The question reads:
Find the positive generator of the smallest ideal in $\mathbf Z$ containing the following ideals:
a. $(4)$ and $(18)$. My answer is $(m)=(4)$.
b. $(6)$ and $(35)$. My answer $(m)=(3)$.
My reasoning for these solutions is that the ideal for the ring of integers is a set closed under addition and multiplication where $A=\{k(m):k\in\mathbf Z\}$ and $A$ is the ideal.
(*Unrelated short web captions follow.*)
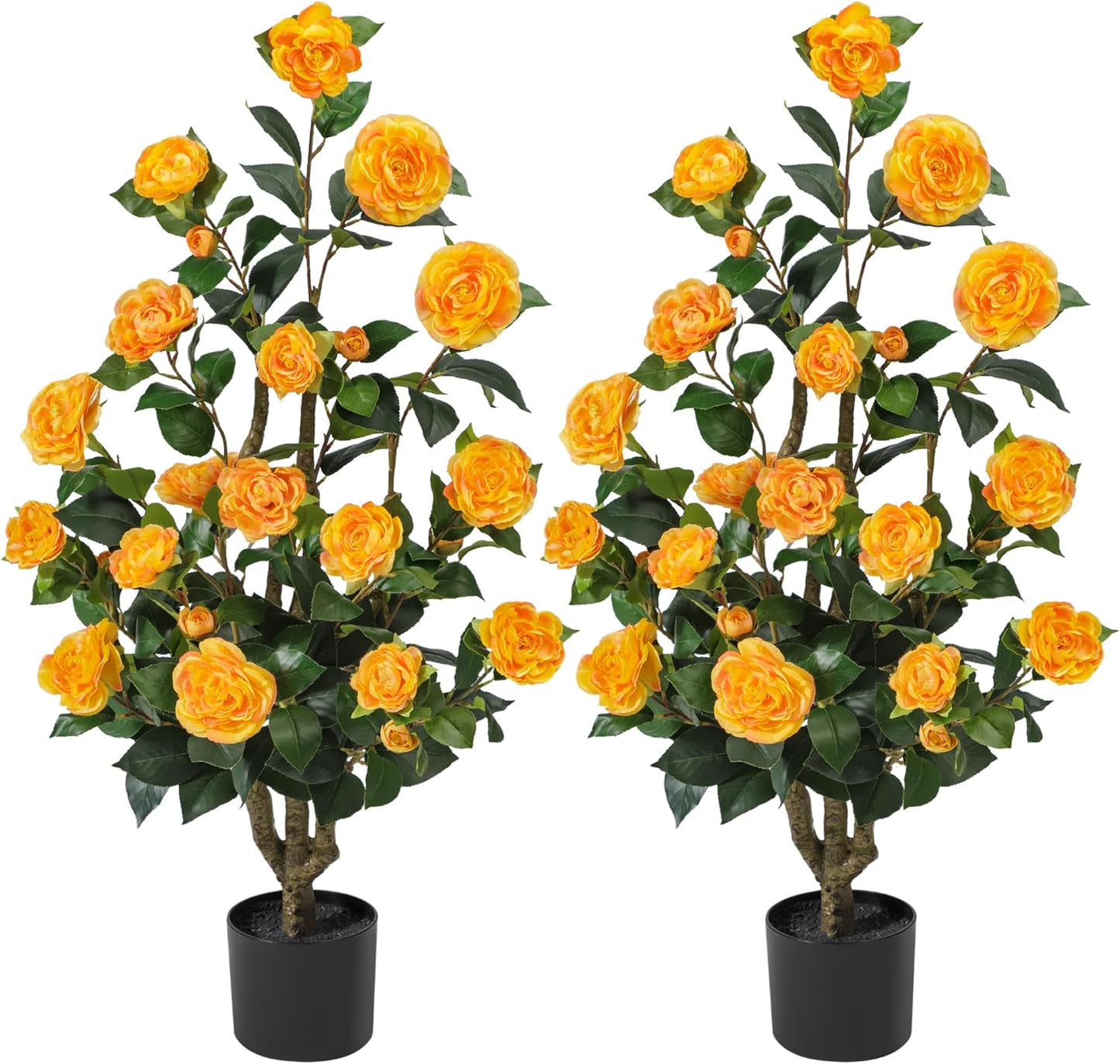 Artificial Camellia Tree 3.3 FT 2 Pack, Christmas Decor Fake Camellia Plant with Blooming Flowers&Natural Wood Trunk, Greenery Faux Potted Plant for Home Office Winter Indoor (Orange, 3.3FT)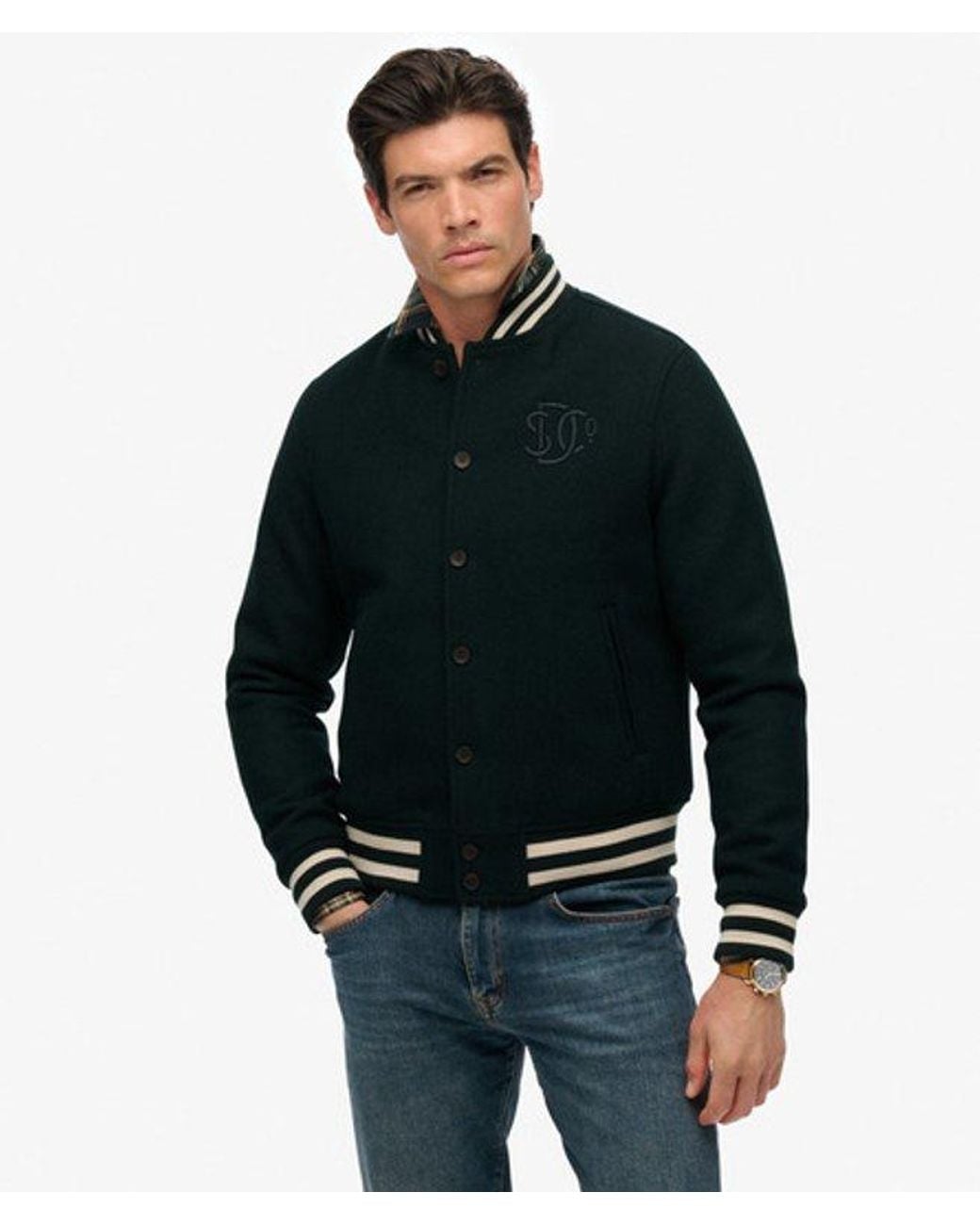 Superdry Varsity Monogram Bomberjack Van Wolmix in het Black voor heren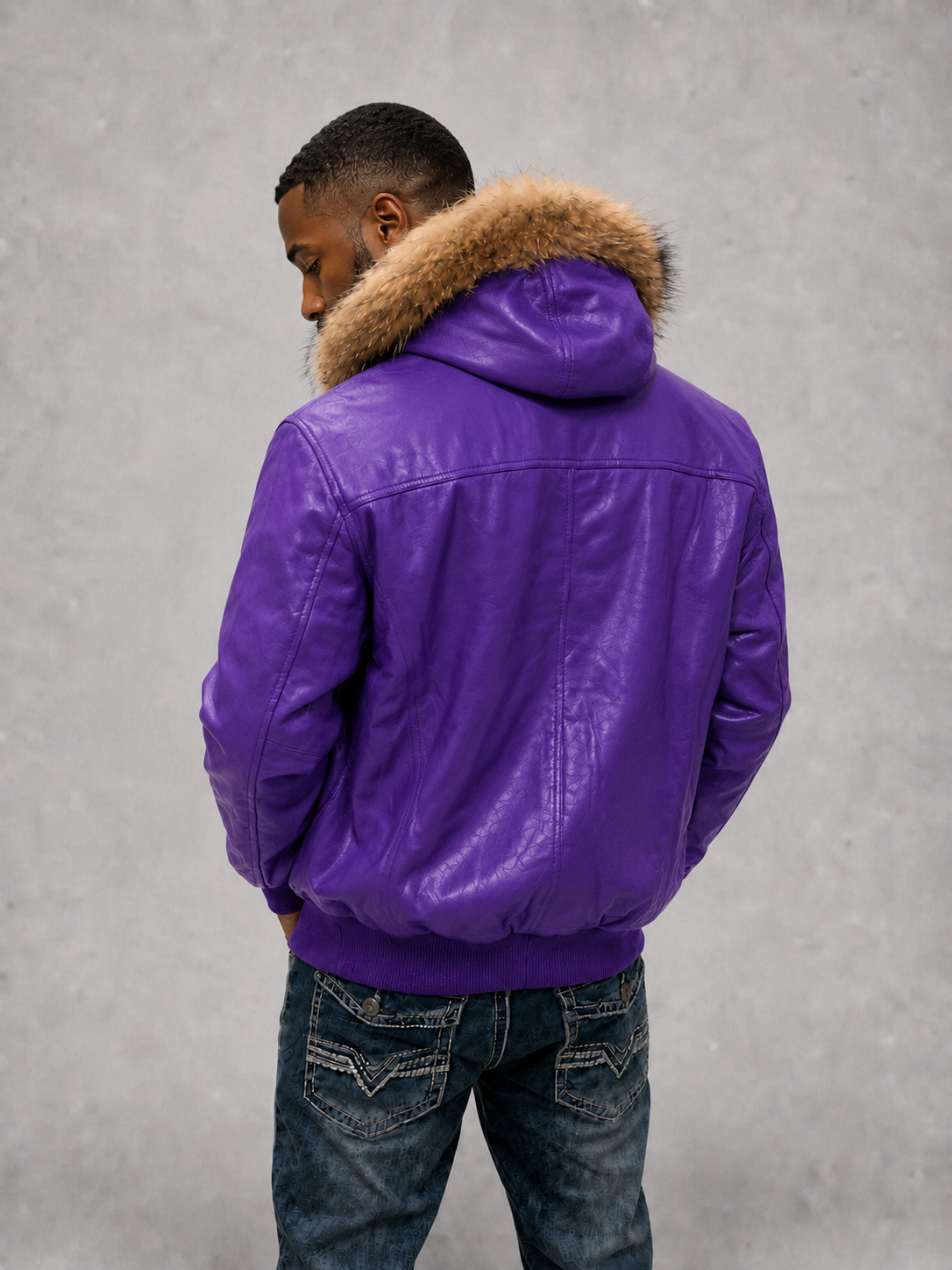 Men's Leather Jacket Bomber C [Purple]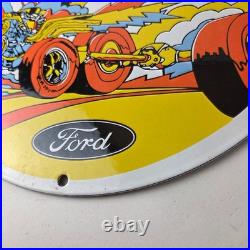 Vintage Ford Muscle Power Sign Automobile Service Station Gas Pump Sign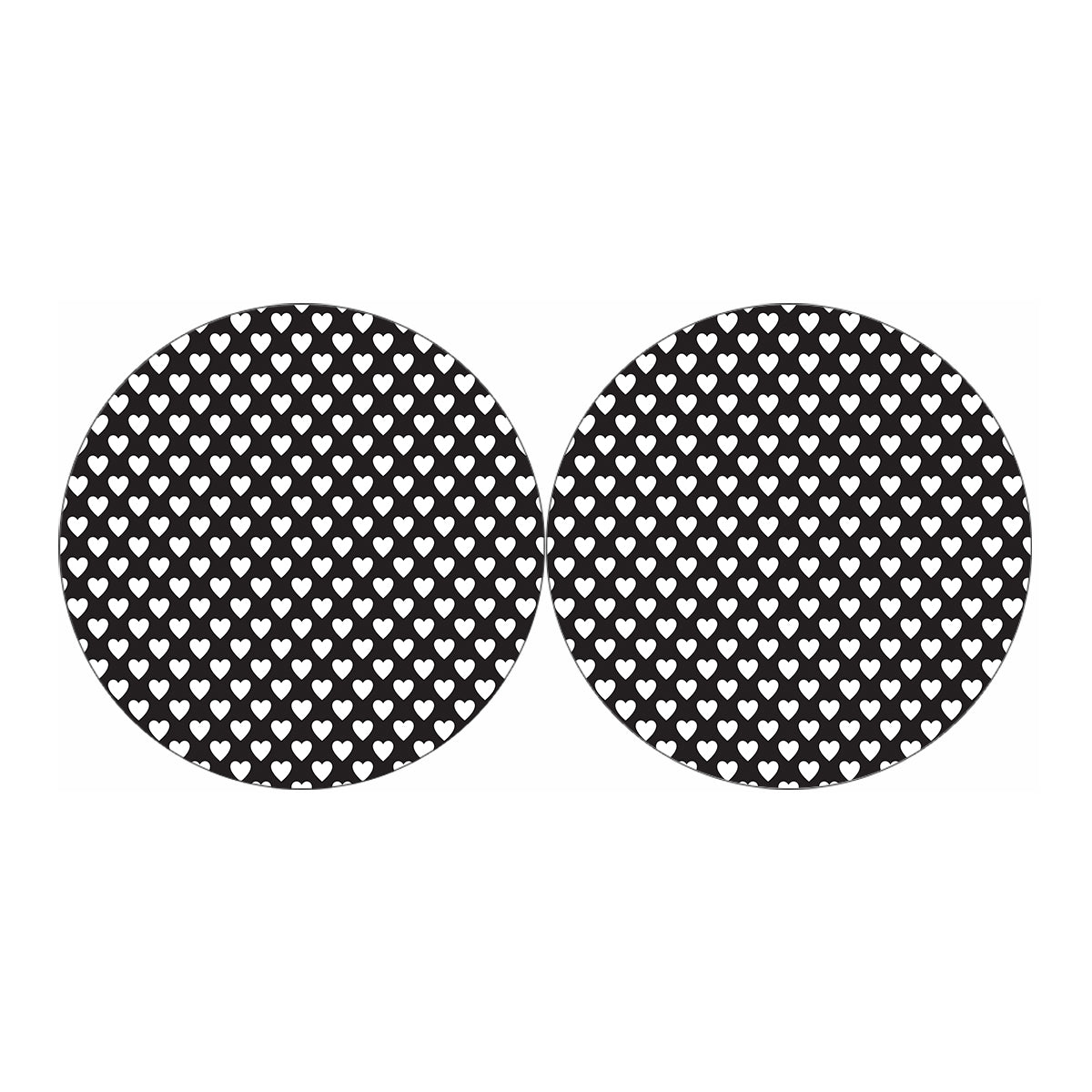 Black And White Heart Pattern Print Car Coasters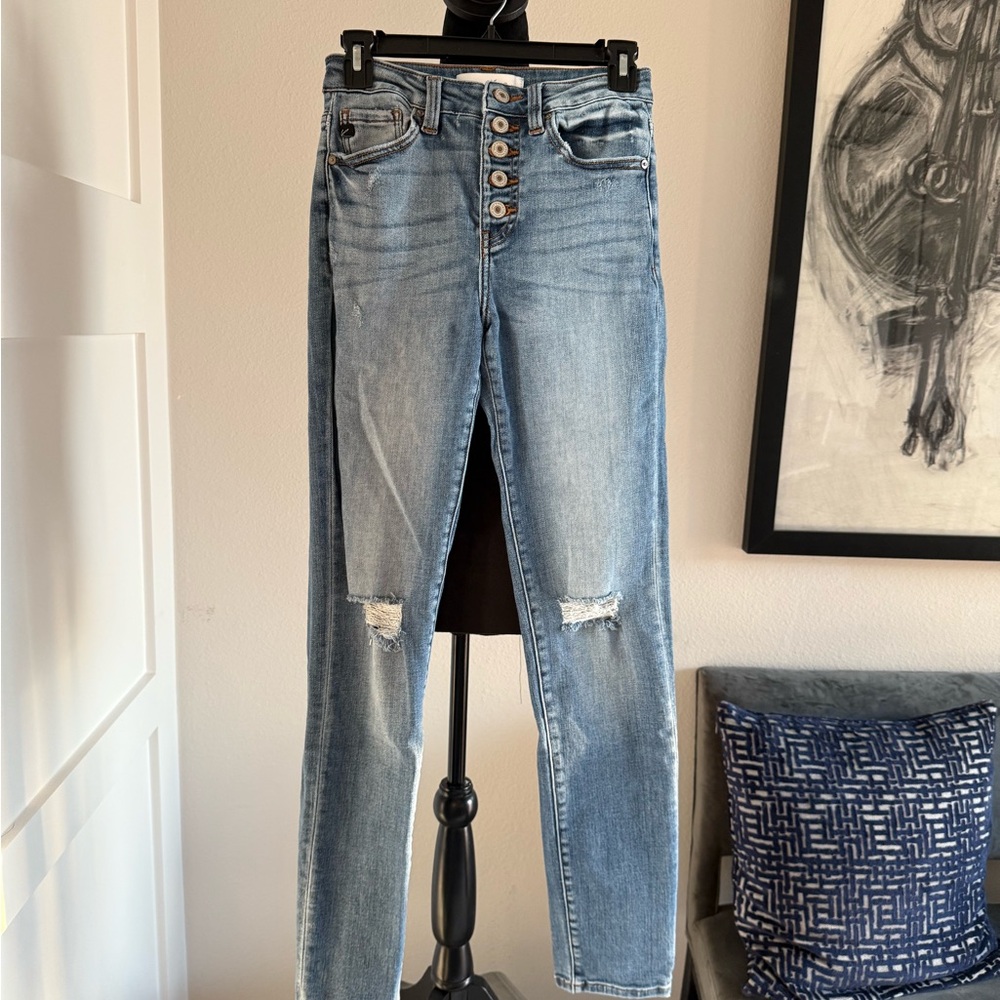 KanCan Medium Blue Distressed Skinny Jeans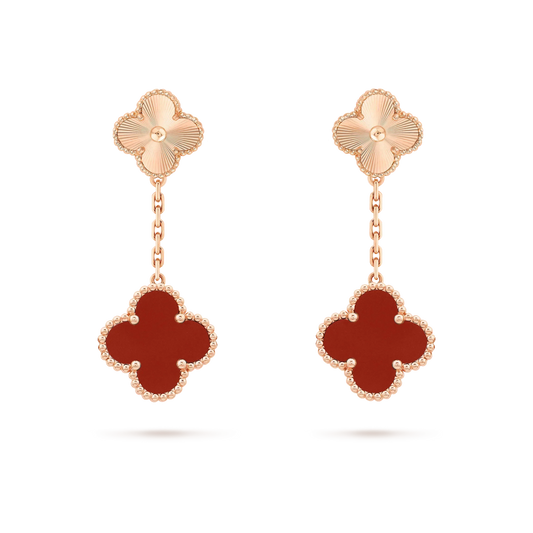 [kincade]CLOVER 2 MOTIF  LASER CARNELIAN EARRINGS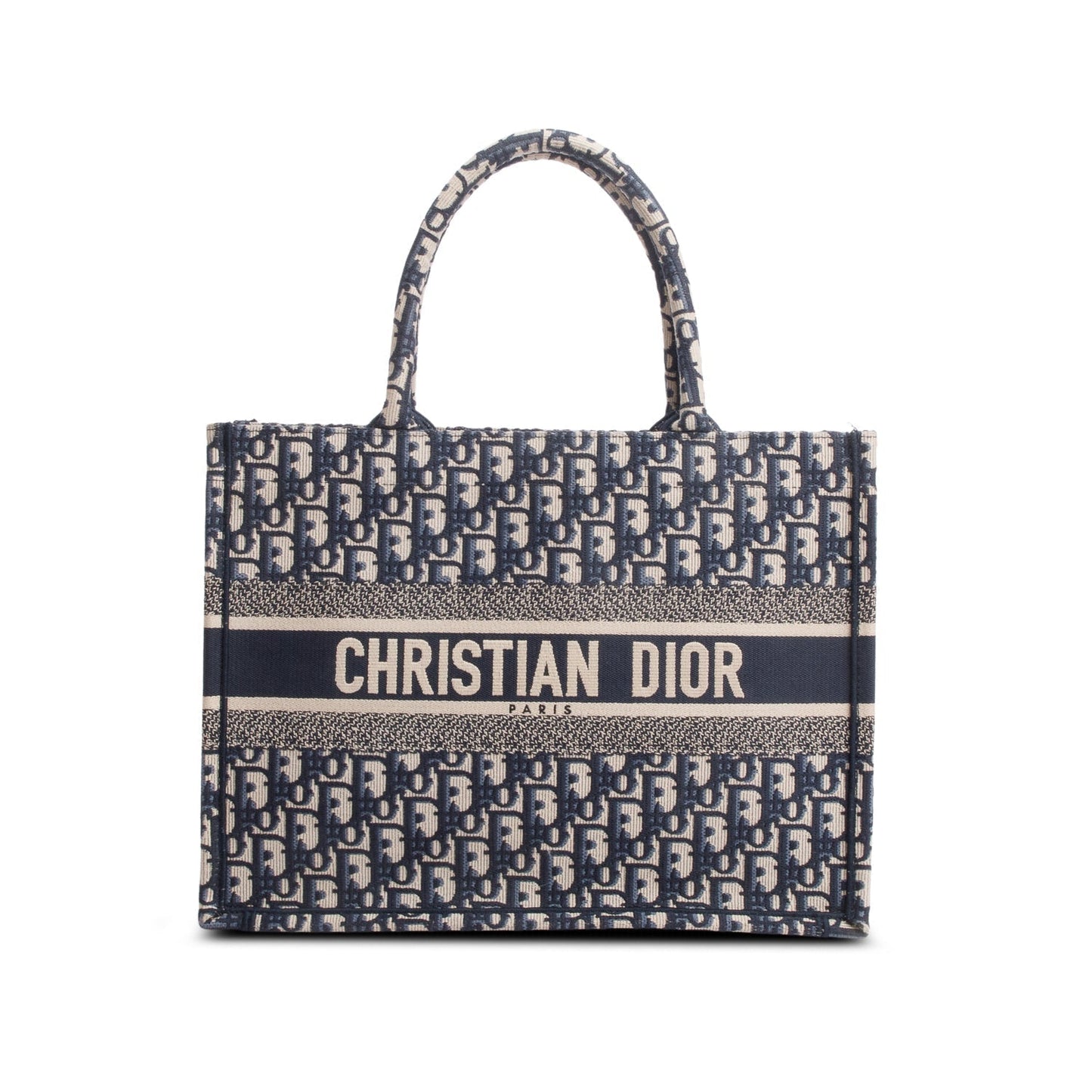 Christian Dior 2023 Ecru and Blue Oblique Embroidery Medium Book Tote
Since the positive generator should be the smallest containing I chose $(4)$ for "a" and $(3)$ for "b". I believe there is a word for these numbers ($\gcd$ or $\operatorname{lcm}$?).
Additionally, how would the solution differ if the question had instead asked
"Find a (single) generator of the ideal in $\mathbf Z$ containing the following ideals"?
Thank you for your time and guidance!
If $m,n \in \Bbb Z$, then the smallest ideal containing $(m)$ and $(n)$ is the ideal $(\gcd(m,n))$. For (a) this means the ideal $(2)$, while for (b) this means the ideal $(1) = \Bbb Z$ (because $6$ and $35$ are coprime).
Each ideal $(m) \subseteq \Bbb Z$ is generated by any invertible element of $\Bbb Z$ multiplied by $m$. Since the only invertible elements of $\Bbb Z$ are $1$ and $-1$, the ideal $(m)$ is generated by $m$, as well as by $-m$.
In your examples, $(2)$ is generated by $2$, and is also generated by $-2$; clearly the positive generator is $2$. Similarly, the positive generator of $\Bbb Z$ is $1$.
If the question had been modified by dropping the positivity requirement, any of $2$ and $-2$ (and, respectively, $1$ and $-1$) would have been a correct answer.